Considering your low 13 second ETs id have to say the heavier steel would be better for you. Unless your planning a huge buildup any time in the near future. Itll drive nicer and hit the gears hard which is fun but a lil harsher on the rearend.
yup
__________________ 99 Camaro, M6 SOLD
previously... 383 11:1; 10.75 @ 127, 1.47 60' 3450lbs
up in flames... 408 12.85:1, M6 10.52 @ 130 1.42; 10.12 @ 137 on a 100 shot. 3469 lbs
Silverado SS - 14.20 @ 93.1 2.08 60' SOLD 05 Mustang Black 13.47 @ 102 1.83 60' SOLD
I road race drag and autoX. I've yet to do any road/autoX in my camaro though.
In my hatch it helped a ton and was awesome on a daily driver now that car makes around 140 ft lbs of torque *its alot for a 1.8L stop laughing...* Drag i had no problem launching it on slicks or streets.
My camaro will be mainly driven on the street with track events here and there its way nicer to autoX road race with and i liked it better to drag with my 60fts never changed.
I hope to upgrade to one quite soon on my camaro. I think unless you are just draging aluim is the way to go.

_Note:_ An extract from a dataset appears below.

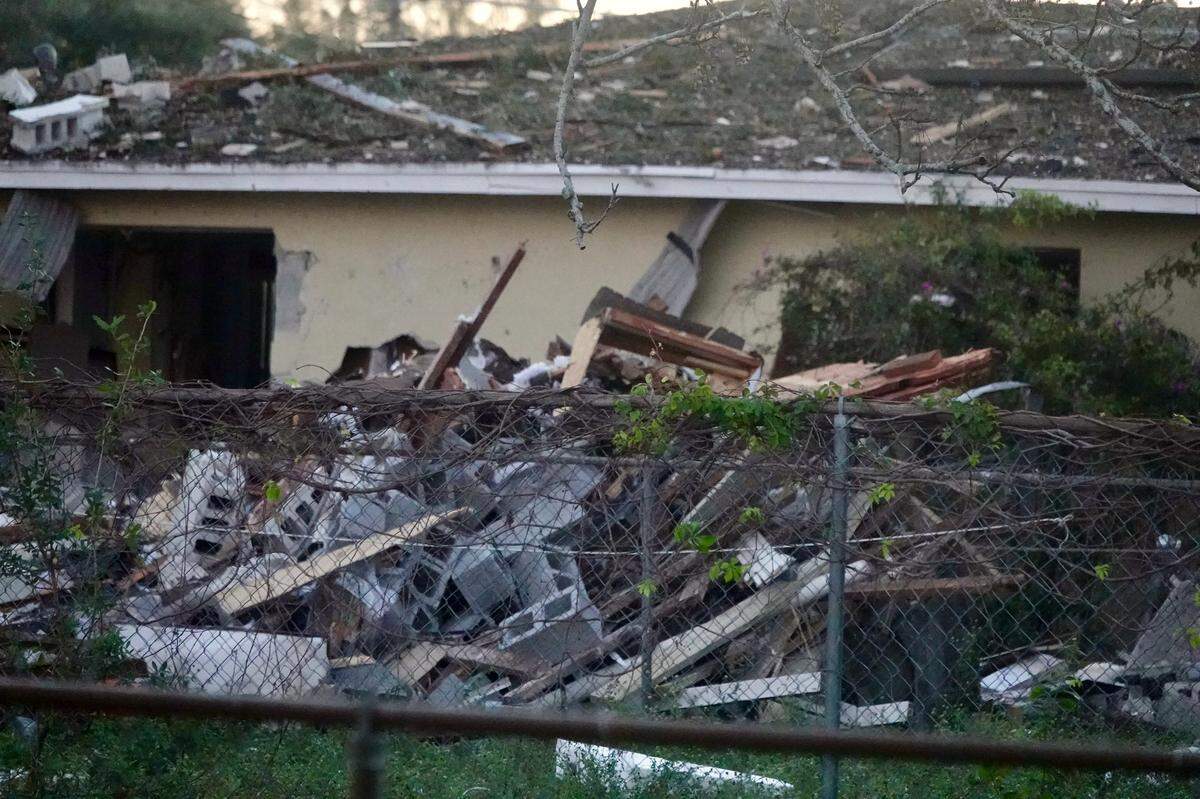 Firefighters investigate a house explosion in West Park, Florida, on Tuesday, Dec. 19, 2023.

did you get a rear yet? If not don't even think about trying to get a good 60ft.with the 10 bolt. Your better off with your stock flywheel. Everyone already made all the good points why, but I didn't read anywhere that you had changed your stock rear yet
Works fine for a daily driver or a racer. Adjust your launch at the dragstrip. Learn how to modulate the throttle better during shifts if you're worried about dropping RPM's between gears.